NAPOLI, A SAN MARTINO SEMPRE PIÙ DEGRADO E ABBANDONO: ERBACCE E IMMONDIZIA

Sullo stato di abbandono e di degrado dell’area di San Martino, nel quartiere Vomero, uno dei siti più belli e suggestivi di Napoli, da dove è possibile ammirare un panorama mozzafiato, peraltro in questo mese di agosto meta di turisti, interviene, ancora una volta, Gennaro Capodanno, presidente del Comitato Valori collinari, già presidente della Circoscrizione Vomero.

“Si tratta di una zona dove si trovano beni artistici e ambientali unici al mondo, come la Certosa e il Museo di San Martino con la passeggiata dei monaci, e Castel Sant’Elmo – afferma Capodanno -. Eppure i turisti che si arrampicano sulla collina per ammirare queste bellezze sono decisamente pochi rispetto alle potenzialità notevoli dell’area. Ad aggravare la scarsa ricettività contribuì, anni addietro, la chiusura dell’unico albergo che si trovava nei pressi del piazzale, sui luoghi dove ancora oggi rimane un manufatto abbandonato, sovrastato da un’imponente gru “.

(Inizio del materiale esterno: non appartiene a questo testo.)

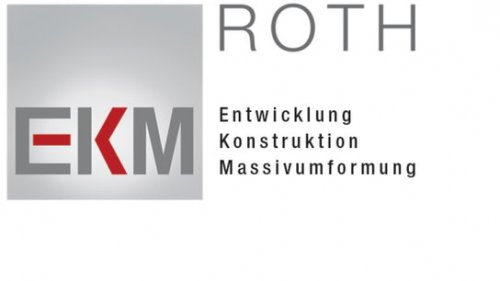 EKM-Roth GmbH  Logo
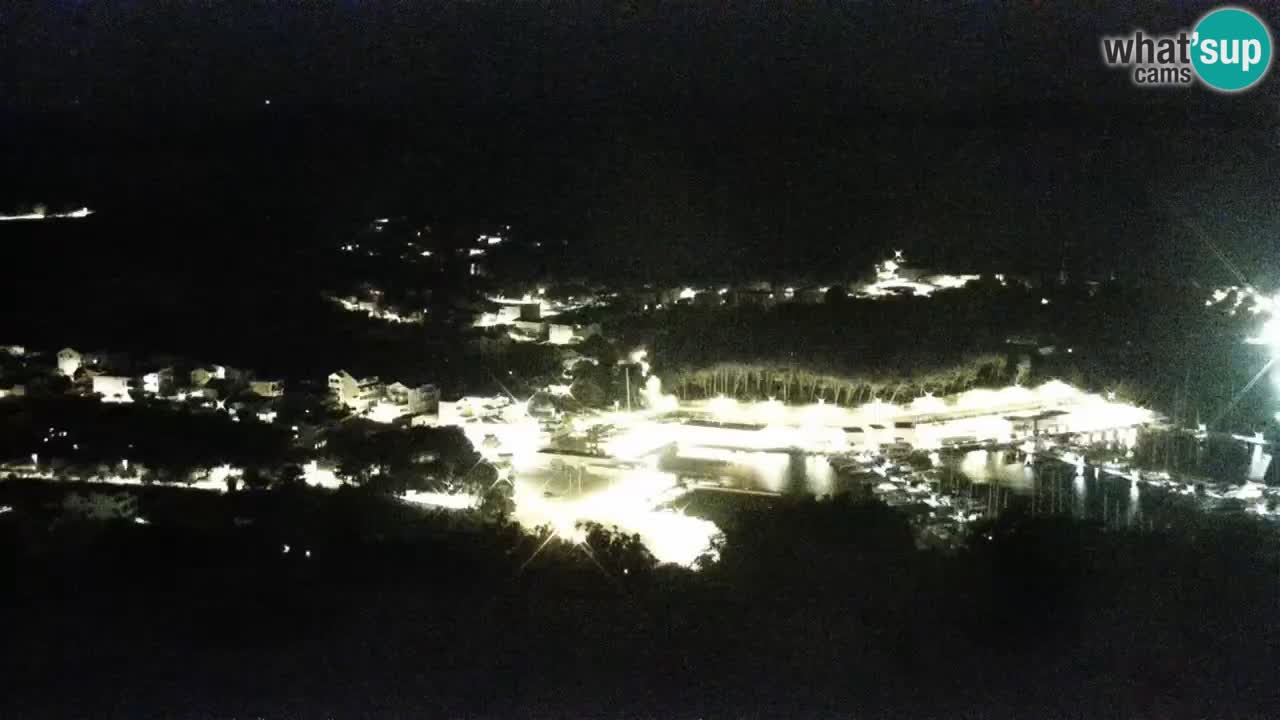 Live cam Pakoštane – Drage – Kornati – Vransko Jezero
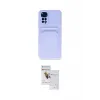 ieg™ Redmi Note 11S Kılıf Vadi Çizgi Prime - Siyah Seramik Nano Ekran Koruyucu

“Nel corso dell’odierno sopralluogo – puntualizza Capodanno – ho riscontrato, tra l’altro, che all’interno del puntellamento, realizzato con tiranti in legno, posto lungo il muro di contenimento nei pressi dell’ingresso al castello, sono cresciute erbacce che in altezza superano il metro. Tanti inoltre i rifiuti di ogni genere abbandonati. Lungo il muro in questione si osserva ancora la presenza dei locali adibiti ad alcune attività artigianali, come quelle dei “corallari”, che, in passato, contribuirono non poco a far conoscere l’area di San Martino in tutto il mondo, per l’abilità di questi artigiani nella lavorazione del corallo. Al riguardo non si comprendono né vengono rese note le ragioni per le quali continua a rimanere in sito questa brutta quanto antiestetica struttura provvisoria e non si sia ancora provveduto, dopo tanti anni, a far effettuare i lavori di ripristino necessari per eliminarla e riattivare le antiche botteghe ivi esistenti”.

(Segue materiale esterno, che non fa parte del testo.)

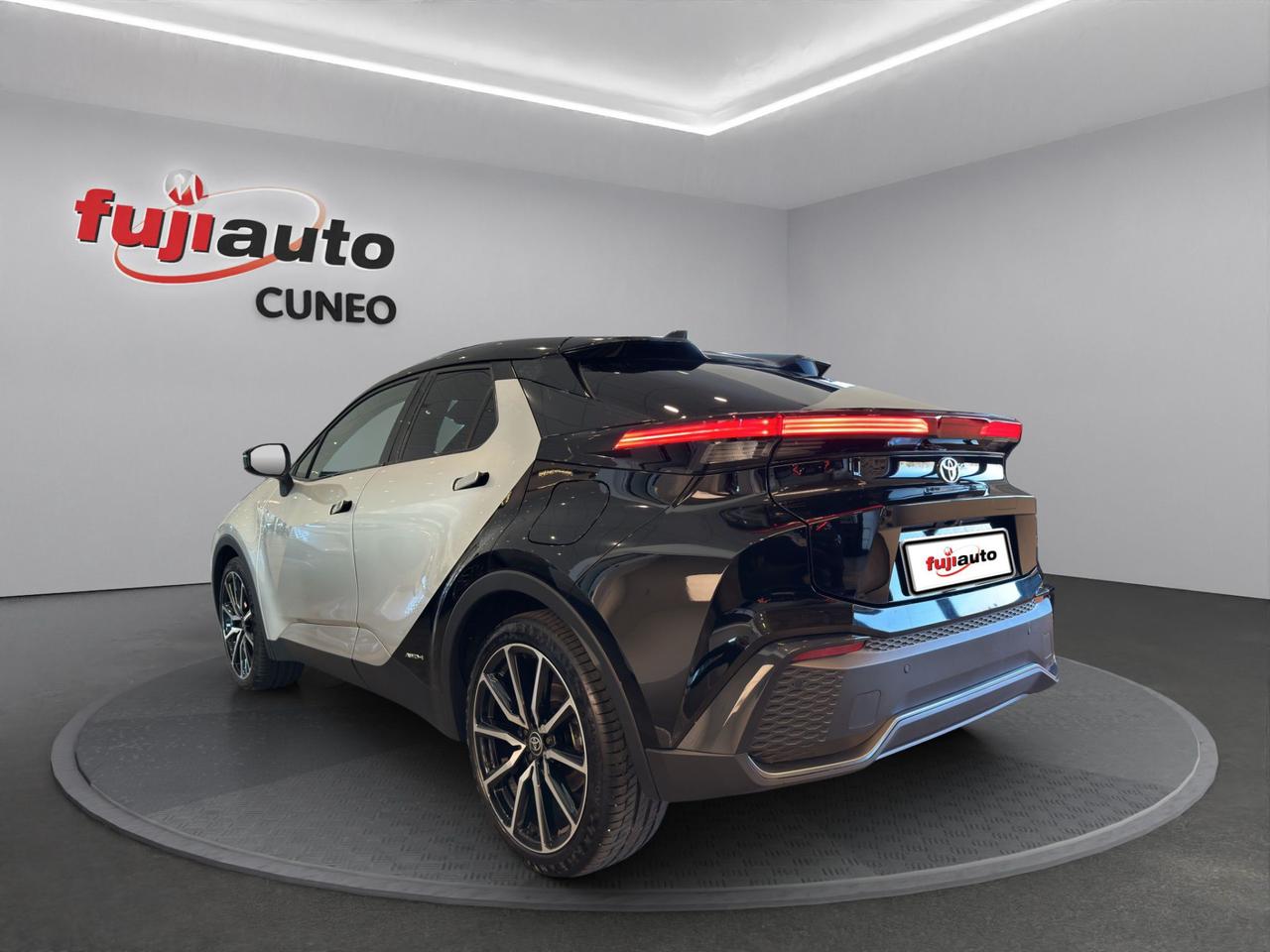 Toyota C-HR 2.0 hev GR Sport Premiere awd e-cvt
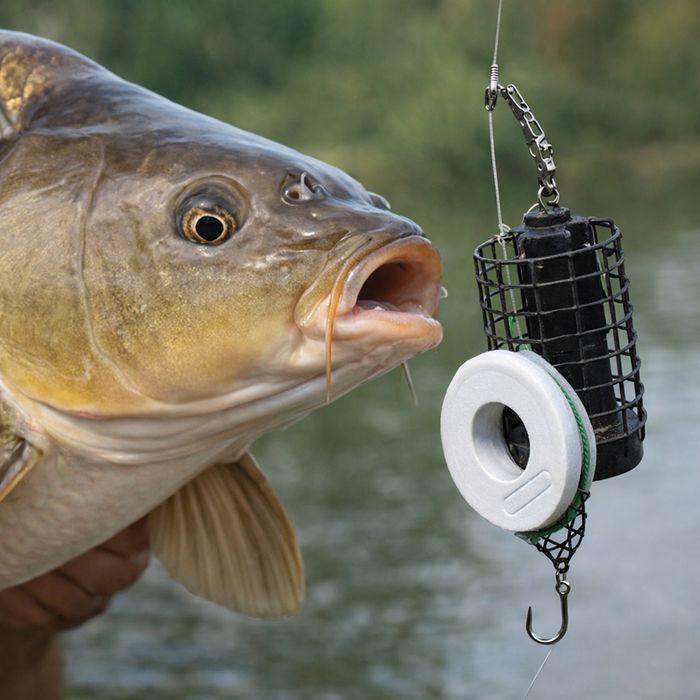 Фідерні монтажі, готові для ловлі одразу на водоймі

“Ad aggravare il degrado e l’abbandono – sottolinea Capodanno – contribuisce anche il transennamento realizzato a salvaguardia di un tratto di balaustra lungo il belvedere laddove è invece totalmente scomparso il transennamento che era stato realizzato, a tutela dei passanti, a valle lungo le scale della Pedamentina, immediatamente al di sotto del tratto di balaustra interessato da dissesti. Una situazione il cui permanere, a distanza di mesi e nonostante gli impegni, al momento solo a parole, assunti in diverse occasioni da rappresentanti dell’amministrazione comunale, crea non poche perplessità e preoccupazioni anche per problemi di sicurezza, per eliminare i quali si sollecitano ancora una volta le verifiche e gli interventi necessari, al fine di ripristinare la piena e totale agibilità dei manufatti interessati”.

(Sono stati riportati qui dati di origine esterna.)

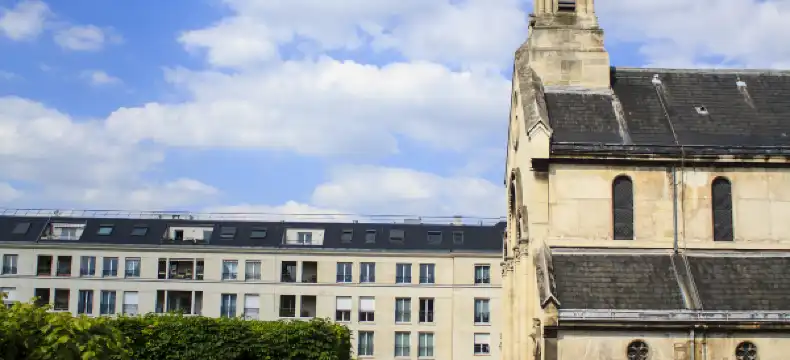 โรงแรมในIssy-les-Moulineaux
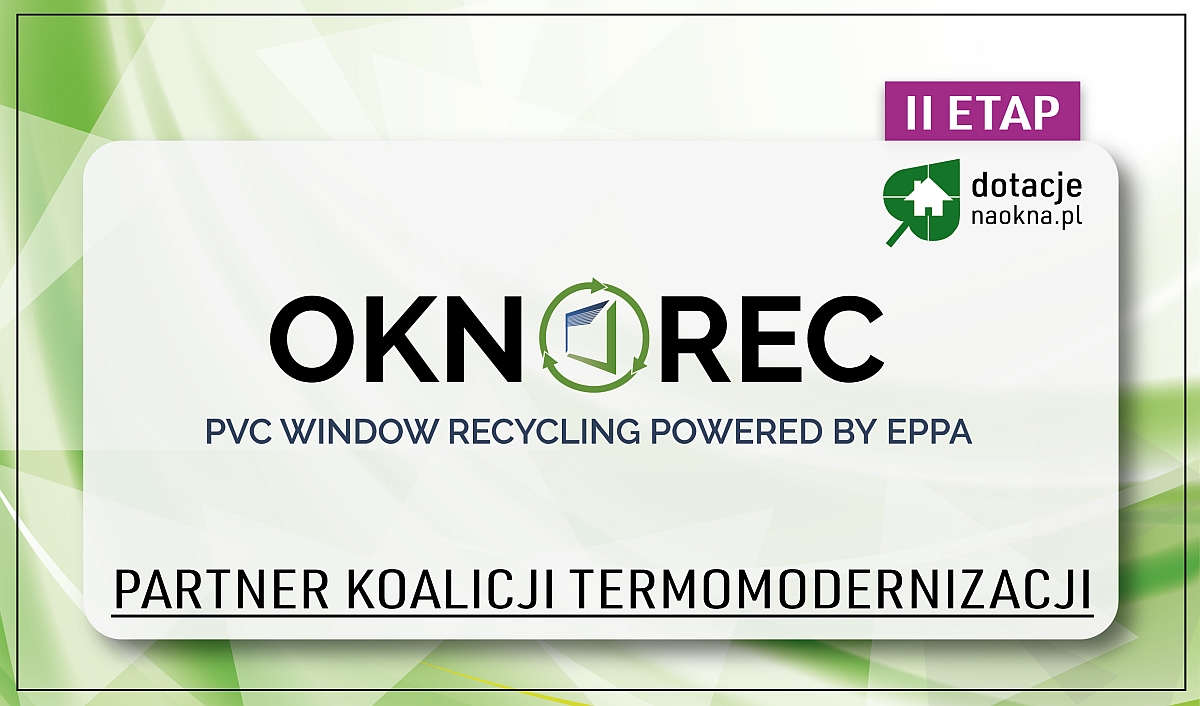 Projekt OKNOREC - współpraca z salonami okiennymi (EPPA)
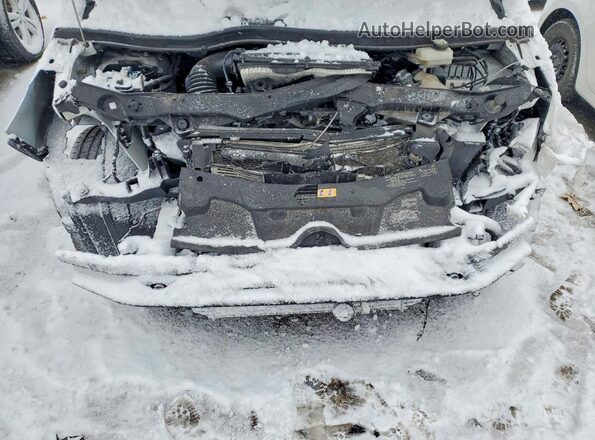 W1YV0BEY3N3957692 2022 MERCEDES-BENZ METRIS White Rear interior view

 Sui problemi della zona di San Martino Capodanno sollecita ancora una volta l’interessamento immediato del Ministero per la cultura, della Regione Campania e del Comune di Napoli, ciascuno per gli interventi di rispettiva competenza, rispetto alle situazioni evidenziate, ma anche per mettere in campo una serie di provvedimenti atti al rilancio turistico dell’intera area, rilancio atteso da lustri, con la possibilità, tra l’altro, di creare numerosi posti di lavoro.